Originally published Nov. 24, 2005
By
Carissa Katz

"It has not necessarily been a flamboyant past, but for me, it has been very rewarding," Cathy Lester wrote in a 1983 letter to the East Hampton Town Democratic screening committee.

Ms. Lester would eventually become East Hampton Town Supervisor, but at the time she was seeking the Democrats' nomination for town trustee, her first foray into town politics. She won the nomination and served for two terms before becoming a member of the town planning board for three years, then a town board member, and finally, in 1995, winning election as town supervisor. Ms. Lester, who was 60, died on Monday. The family did not know the cause of death as of press time.

A baywoman from the age of 16, she was passionate about the town's harbors and bays and determined to protect the natural environment and a way of life she loved. "That led her to a political career that she never envisioned," said Lynn Ryan, Ms. Lester's executive assistant during her second term as supervisor.

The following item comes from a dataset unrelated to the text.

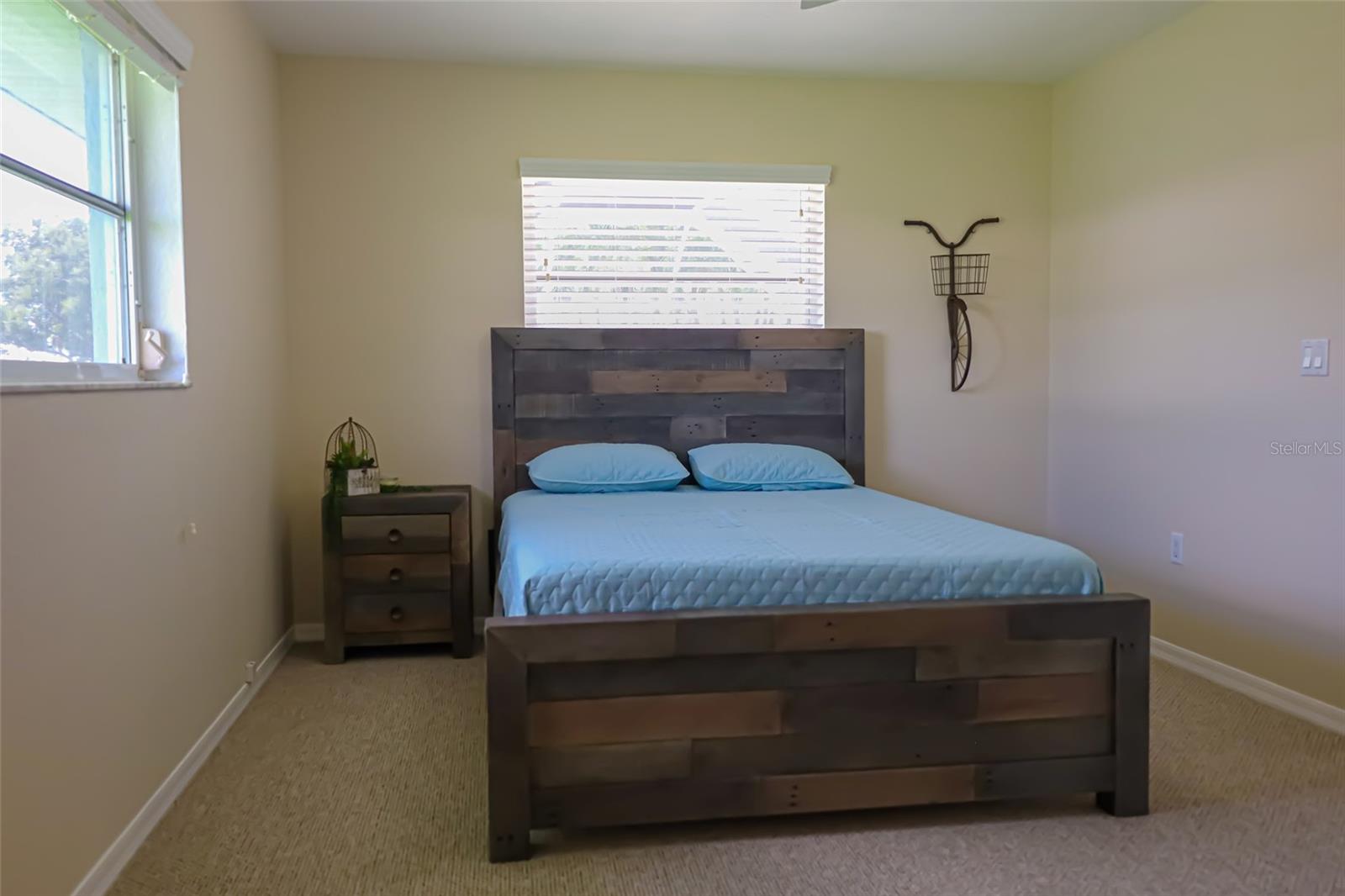 QUAIL LAKE - Residential Lease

Born on March 4, 1945, in Southampton and raised in Tuckahoe, Ms. Lester was a daughter of the former Helen Dix and Ruben Shaffer. Her father was a boatbuilder and the co-owner and manager of a boatyard. Growing up, Ms. Lester spent most of her free time with her father at the yard and worked there in the summers. "I seem to have a compelling urge to be near the water," she wrote in that 1983 letter.

She left high school after her sophomore year, and on Sept. 7, 1961, was married to Thomas Lester, an East Hampton bayman. The couple worked together on the bay until the following year, when their daughter, Della Ann, was born. After a few years at home with her daughter, Ms. Lester returned to fishing.

"I think she was as proud of being a baywoman as anything else in the world," said Brad Loewen, her nephew by marriage.

With her husband, Ms. Lester became active in the East Hampton Town Baymen's Association and later was a founding member and president of the Northwest Alliance, a group that led the successful drive for the preservation of the Grace Estate in Northwest Woods and Barcelona Neck.

Both organizations believed that developing the Grace Estate on the banks of Northwest Harbor would harm the harbor's pristine quality and its value as a shellfish resource.

Her involvement in that cause was the beginning of her public life. By example, she encouraged others to become more active in preservation and town politics. "She was kind of the groundbreaker for so many of us that came behind her," Mr. Loewen said. It was largely because of her that Mr. Loewen, the outgoing president of the East Hampton Town Baymen's Association, became a member of the town planning board 16 years ago. This month, Mr. Loewen was elected to the town board.

"Cathy, with her husband, Tom, represented one of the strongest, best traditions in the baymen's community - living with the environment and from the environment. She was an outstanding, insightful person," Arnold Leo, the secretary of the baymen's association and a longtime friend, said Tuesday.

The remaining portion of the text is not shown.